Re: [PATCH] reintroduce accept4

[Date Prev][Date Next][Thread Prev][Thread Next][Date Index][Thread Index]

 



Andrew,

On 10/26/08, Ulrich Drepper <drepper@xxxxxxxxxx> wrote:
> This patch reintroduces accept4, replacing paccept.  It's easy to see that
> the patch only removes code and then redirects existing code away from the
> removed functions.  Since the paccept code sans signal handling was never
> in question I think there is no reason to quarantine the patch first.

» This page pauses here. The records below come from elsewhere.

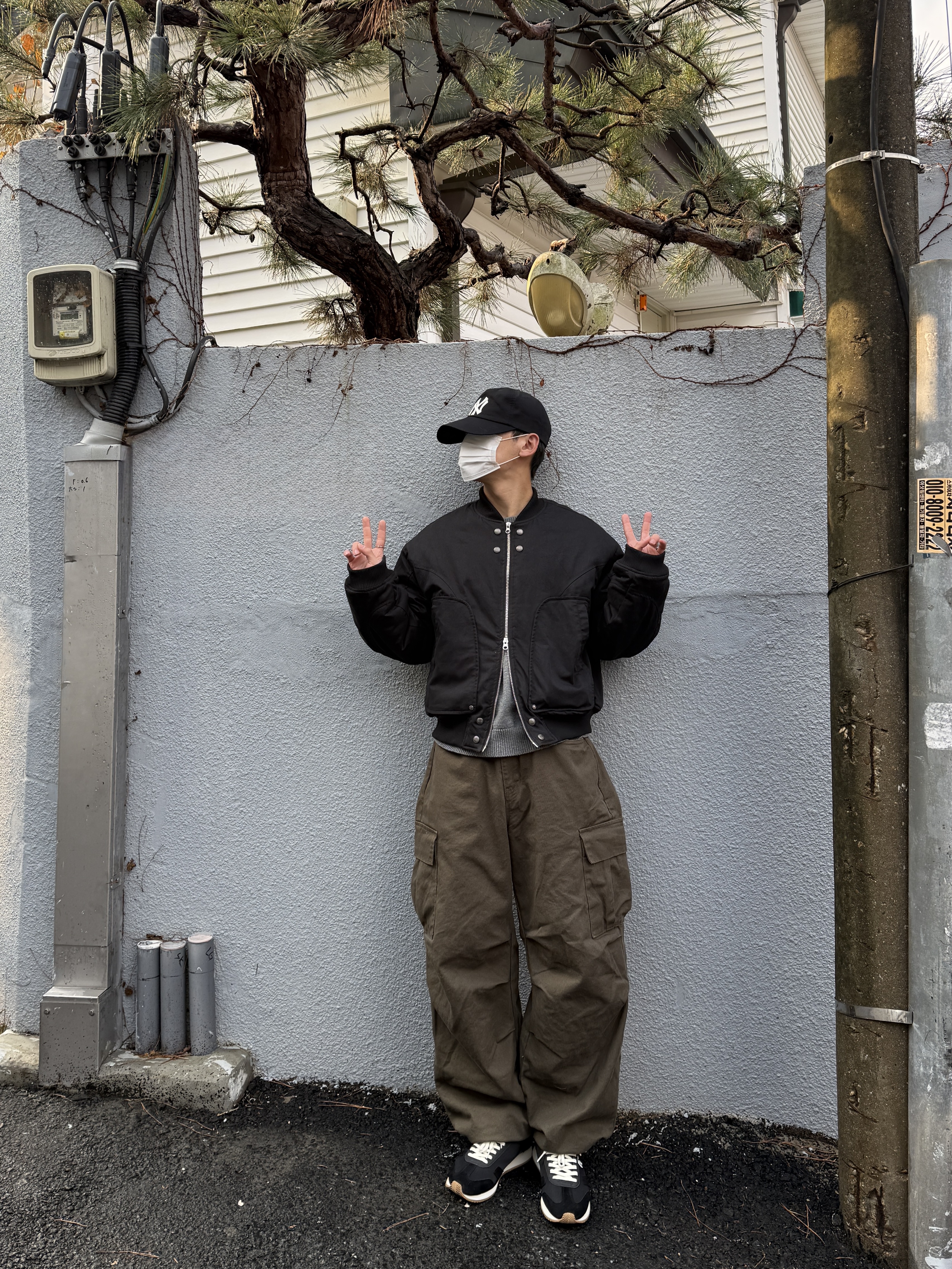 New Era 59Fifty MLB Authentic New York Yankees Game Navy, New Era x MoMA New York Yankees Cap Black 착용 스타일 - 2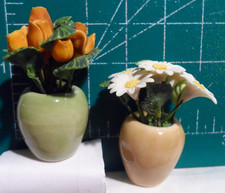 Miniatures maison de poupée vintage 2 jardinières en céramique avec plastique fantaisie détaillé ? Fleurs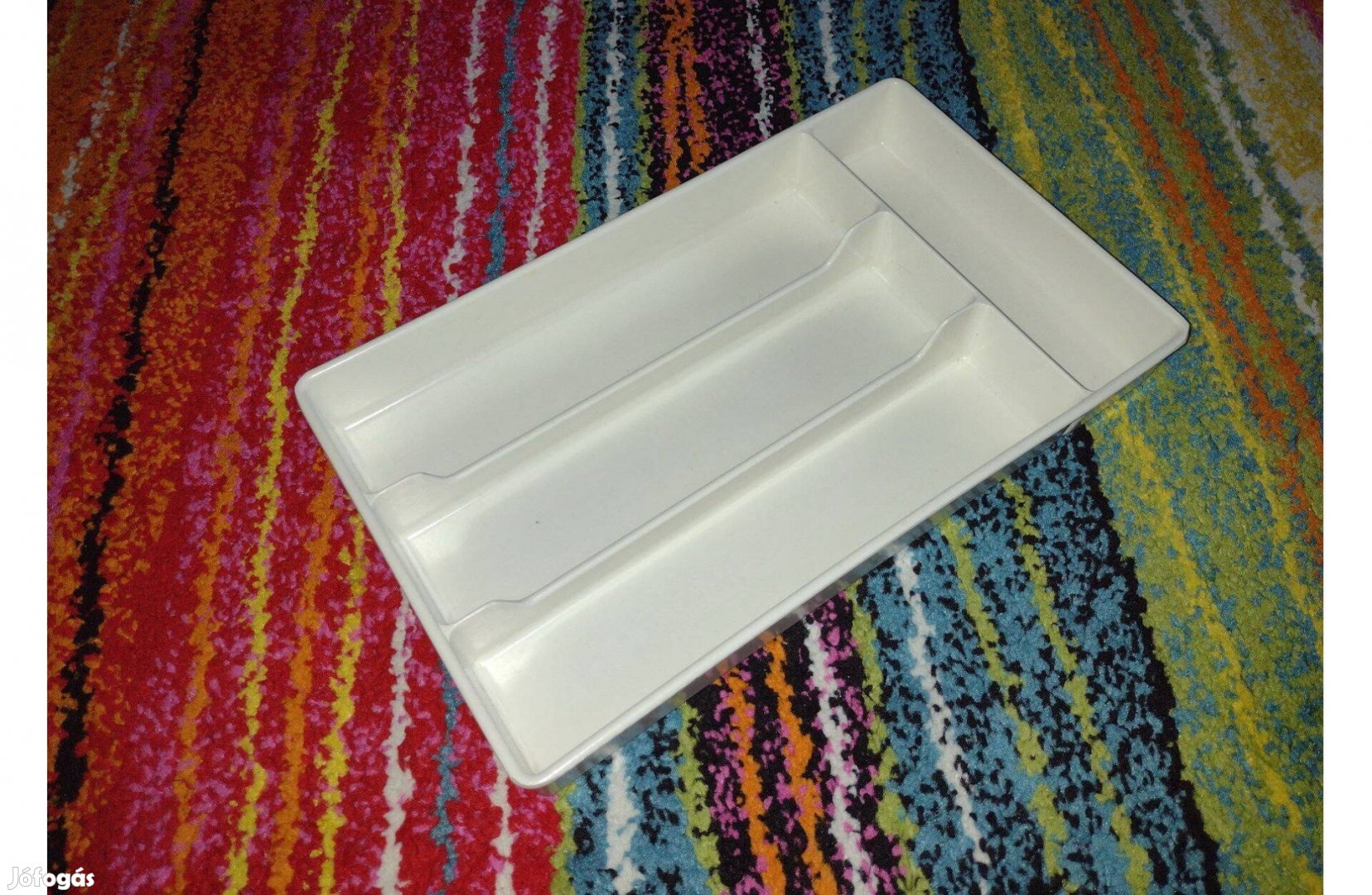 Fehér evőeszköz tartó fiók, masszív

I see you accepted this patch into -mm.  I've finally got to looking
at and testing this, so:

Tested-by: Michael Kerrisk <mtk.manpages@xxxxxxxxx>
Acked-by: Michael Kerrisk <mtk.manpages@xxxxxxxxx>

In my tests, everything looks fine.  I'll forward my test program in a
follow-up mail.

I think Ulrich wanted to try to see this patch in for 2.6.28; it's
past the merge window of course, so it's up to you, but I have no
problem with that.  The API is the one that Ulrich initially proposed,
before taking a detour into paccept()
(http://thread.gmane.org/gmane.linux.kernel/671443 ), which I argued
against (http://thread.gmane.org/gmane.linux.kernel/723952,
http://thread.gmane.org/gmane.linux.network/106071/), since I (and
Roland) could see no reason for the added complexity of a signal set
argument (like pselect()/ppoll()/epoll_pwait()).  (In any case, if
someone does come up with a compelling reason to add a sigset
argument, then we can add it via the use of a new flag bit.)

My only argument is with the name of the new sysytem call.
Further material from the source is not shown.